- DATA EXCERPTS:

•••

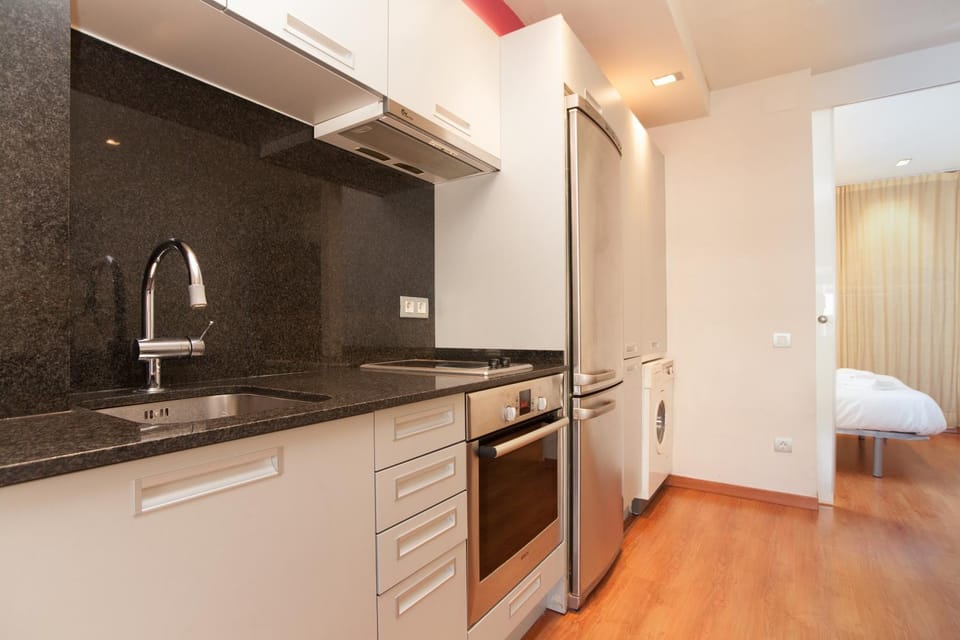 Kitchen or kitchenette, Kitchen or kitchenette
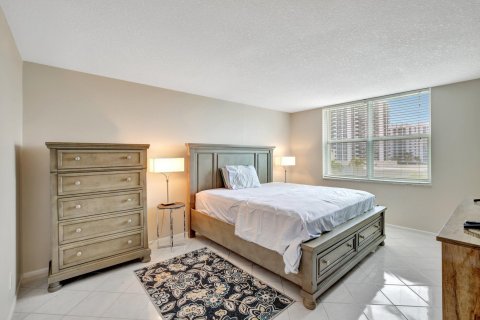 Condo in Fort Lauderdale, Florida, 2 bedrooms  № 1119959 - photo 12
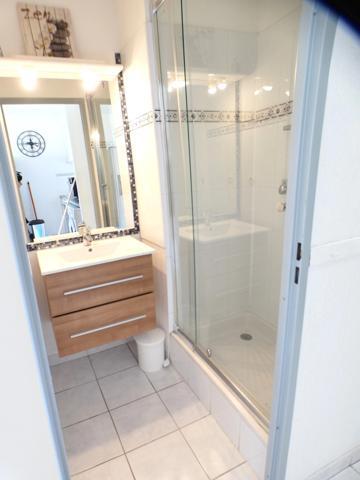 Village naturiste. Appartement 2 pièces cabine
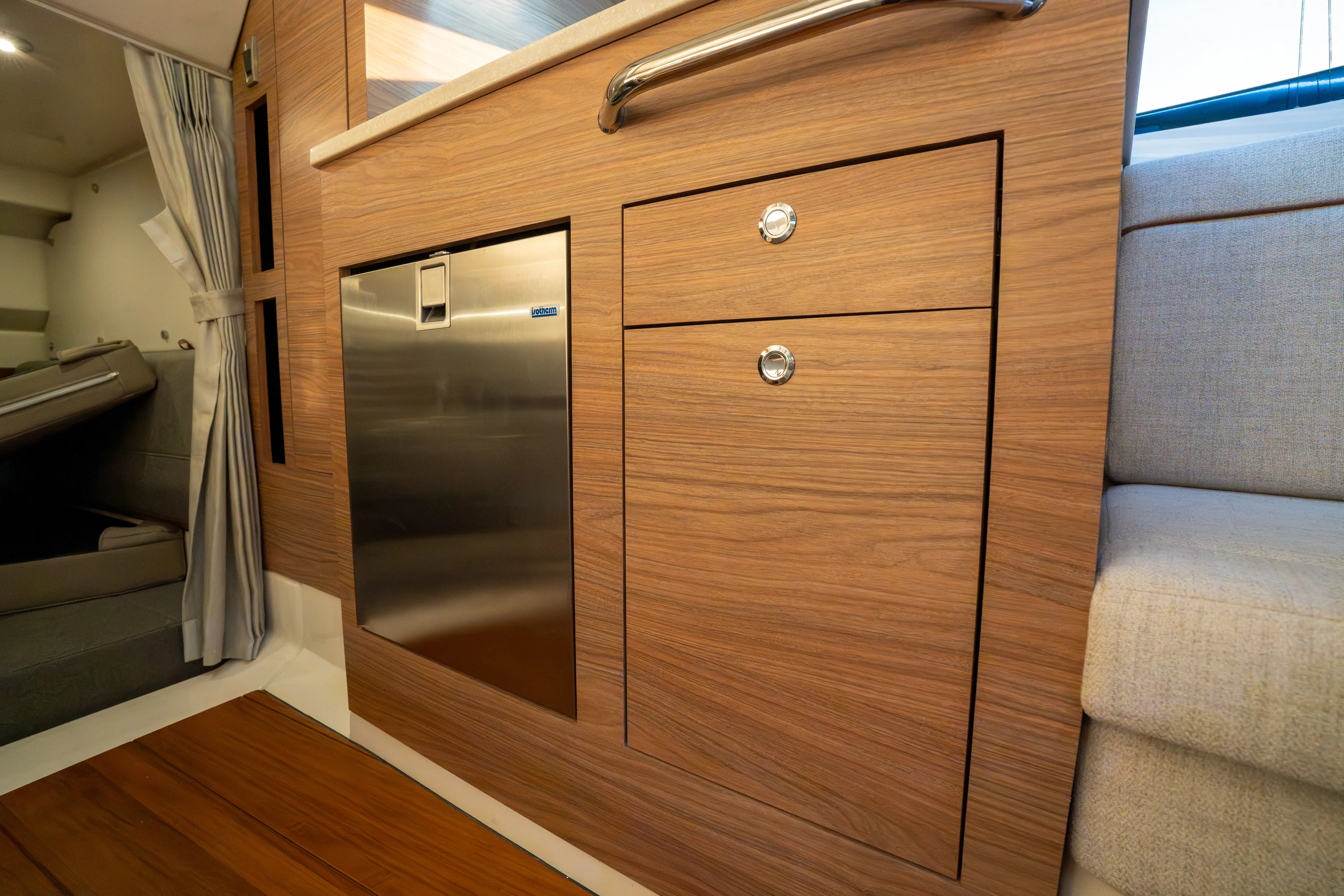 2026 Boston Whaler 365 Conquest Image Thumbnail #22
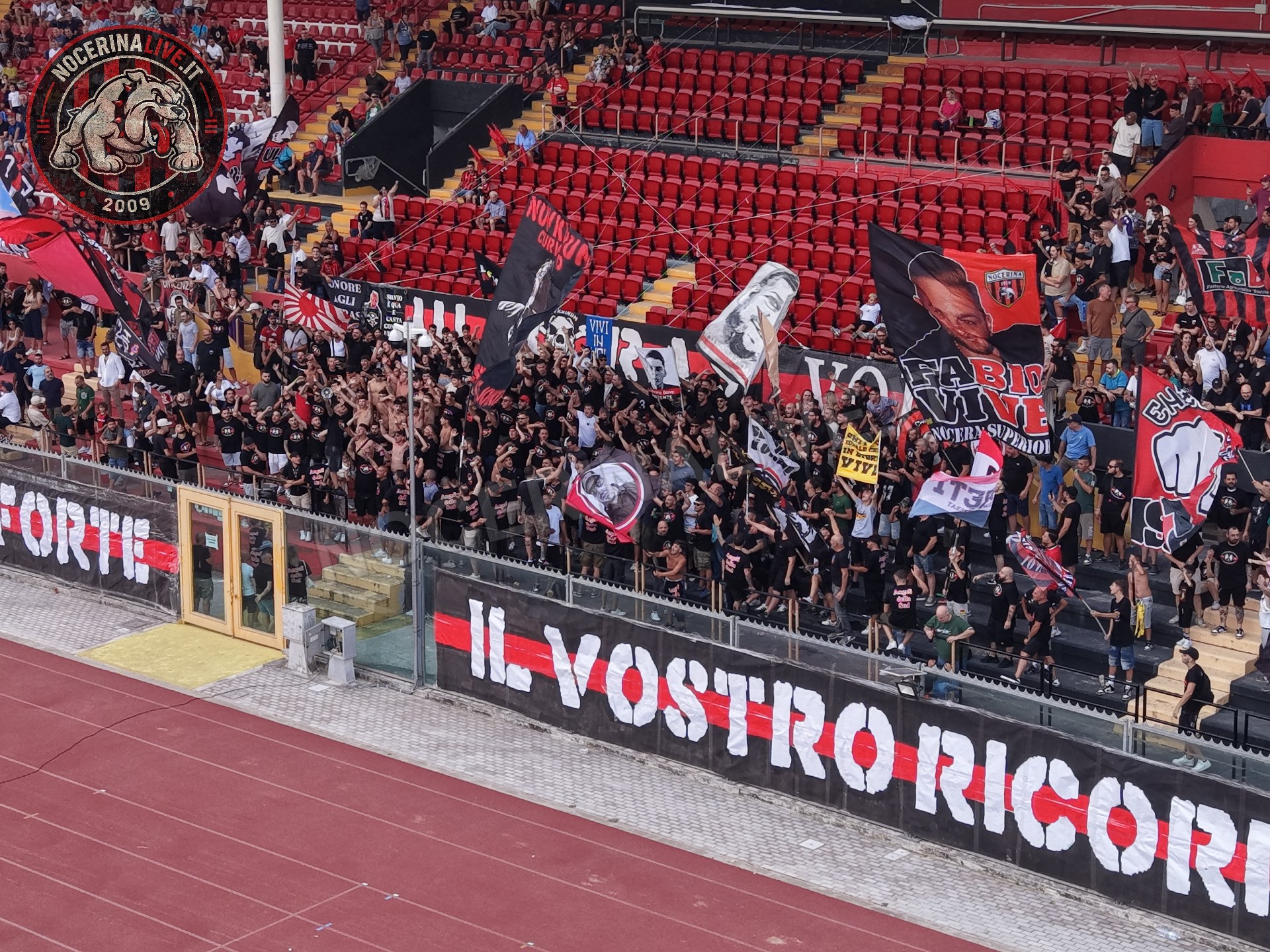 Fotogallery – Angeli della Sud: il San Francesco si illumina nel ricordo degli ultras scomparsi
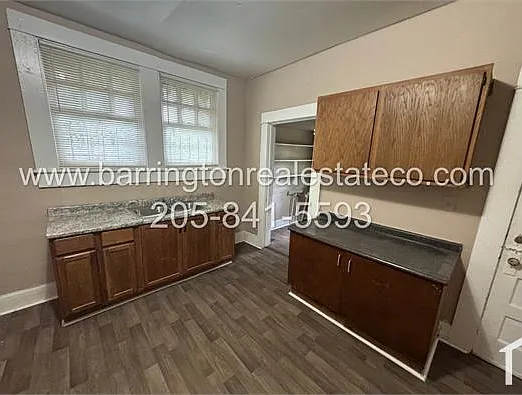 4637 Court S — Photo 5
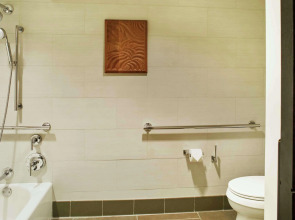 Hilton Hawaiian Village Waikiki Beach Resort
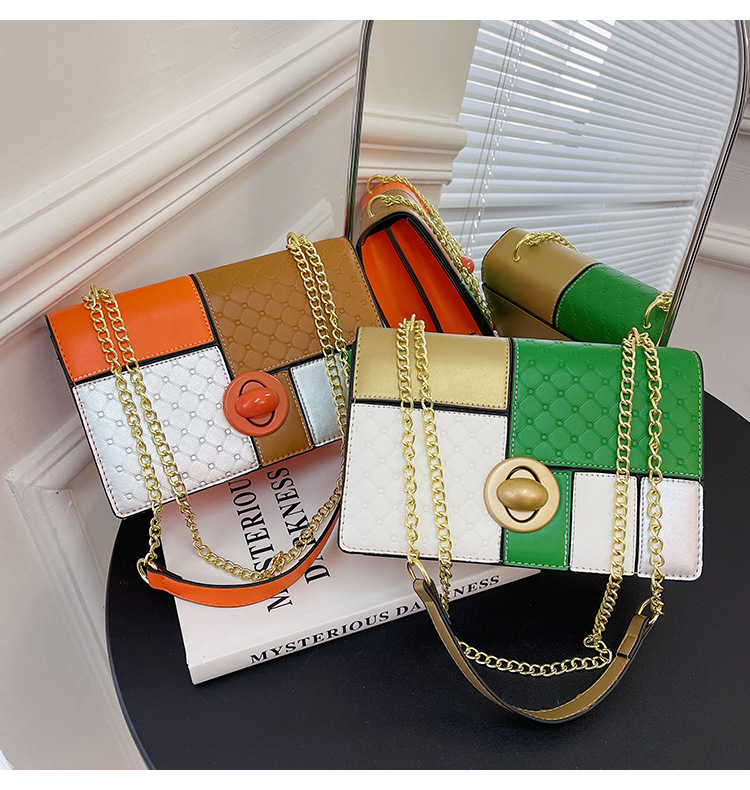 Piccola borsa a tracolla quadrata con catena borsa elegante_voghion.com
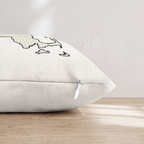 HH322879 HH322879_pillow_edge_zipper.png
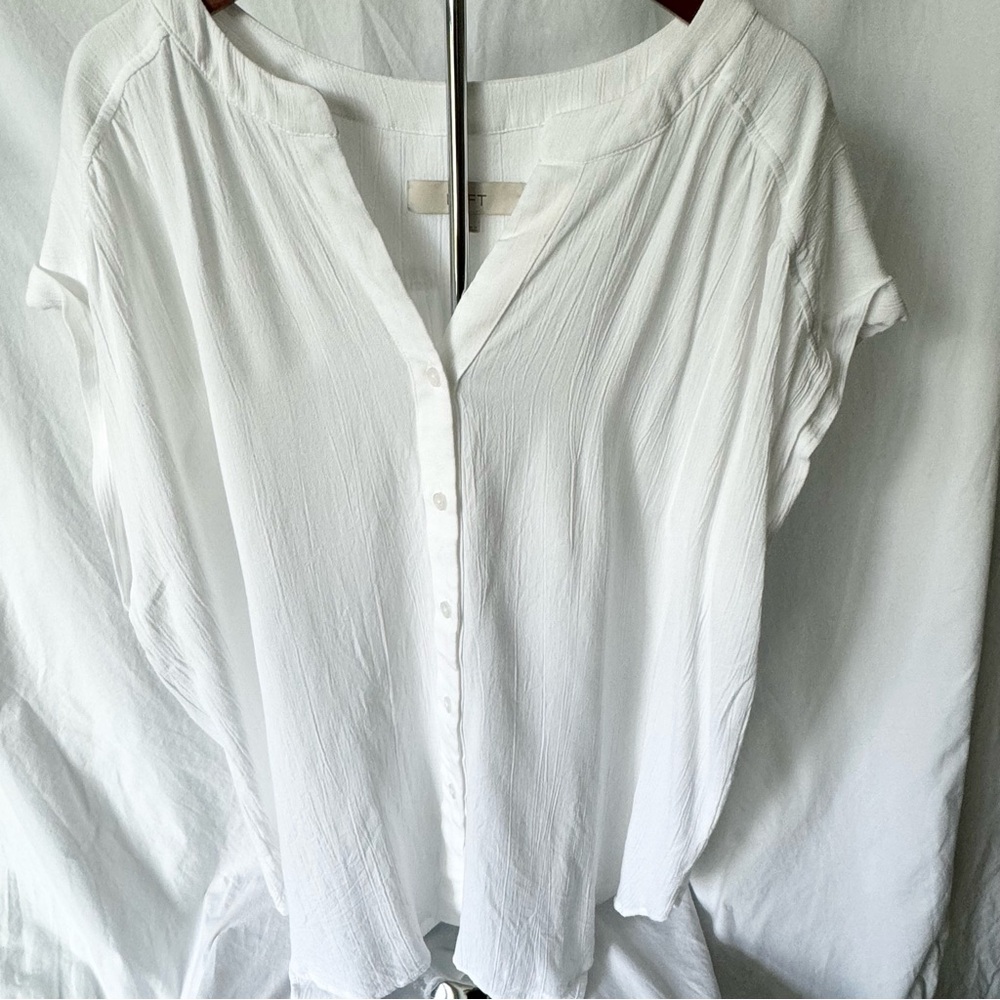LOFT white button down short sleeve shirt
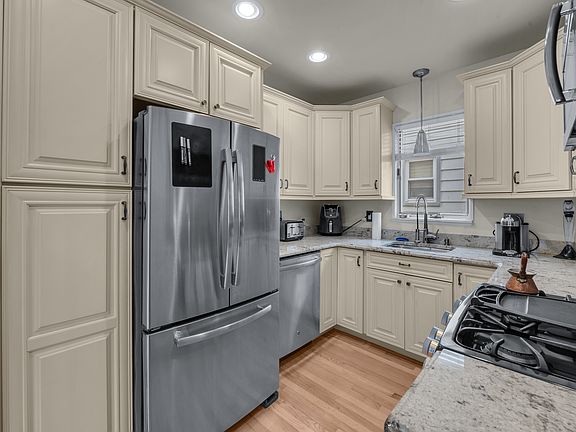 5th image of 728 Stewart St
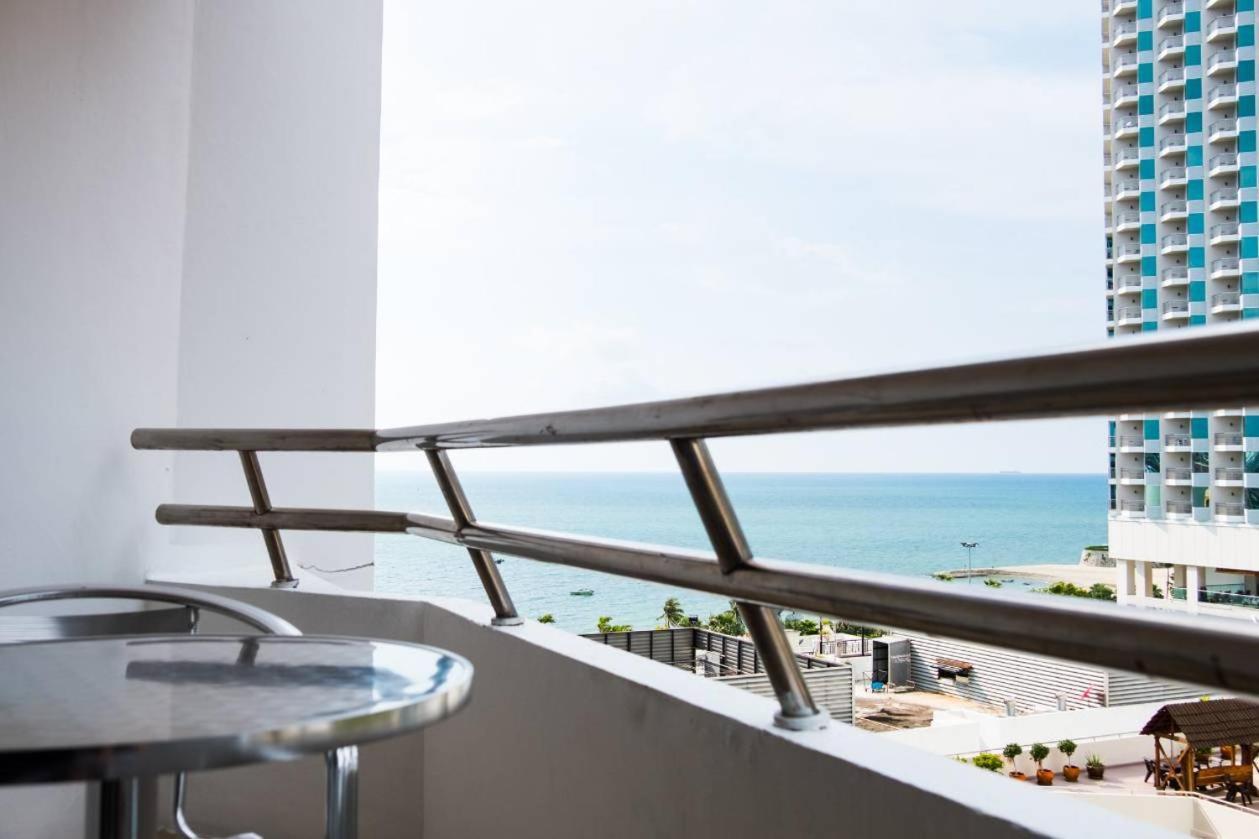Markland Seaside Pattaya Exterior foto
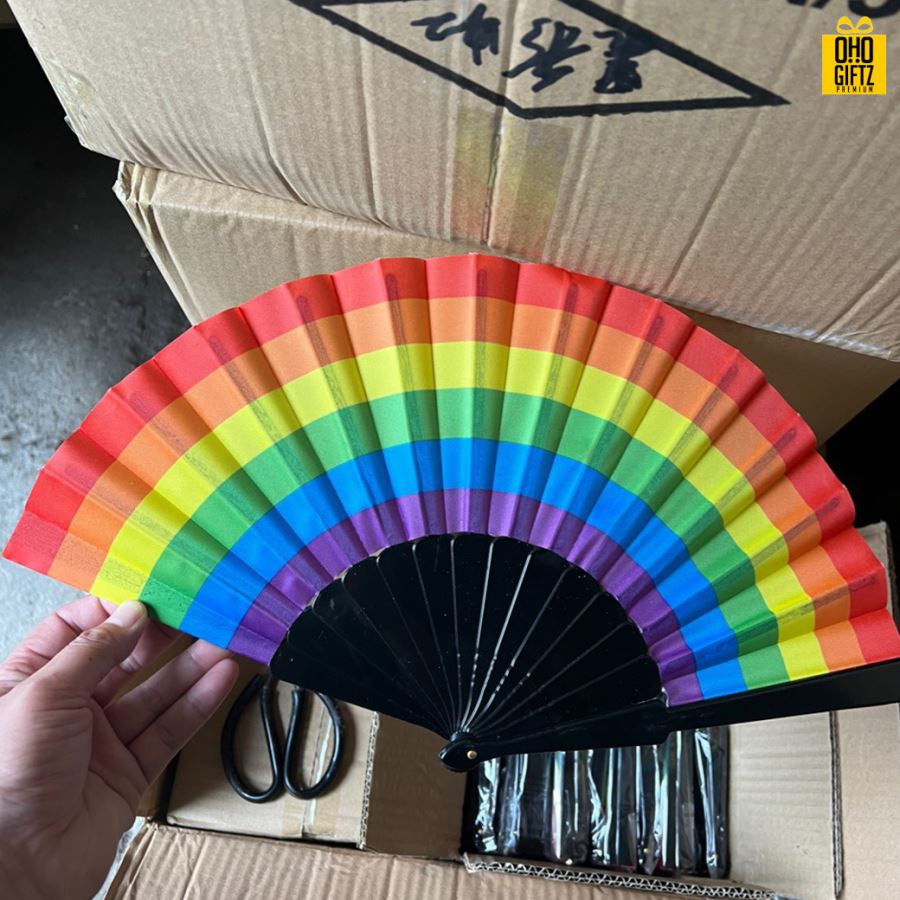 พัดสายรุ้ง สกรีนโลโก้ ทำเป็นสินค้าพรีเมี่ยม ของชำร่วย ของที่ระลึก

•••

- TASK GOAL: Reproduce exactly and only the lines from the one with "HH322879 HH322879_pillow_edge_zipper.png" through the final line of the records above, inclusive. Pictures must be left out.

- RESULT BELOW:
 HH322879 HH322879_pillow_edge_zipper.png
LOFT white button down short sleeve shirt
 5th image of 728 Stewart St
Markland Seaside Pattaya Exterior foto
 พัดสายรุ้ง สกรีนโลโก้ ทำเป็นสินค้าพรีเมี่ยม ของชำร่วย ของที่ระลึก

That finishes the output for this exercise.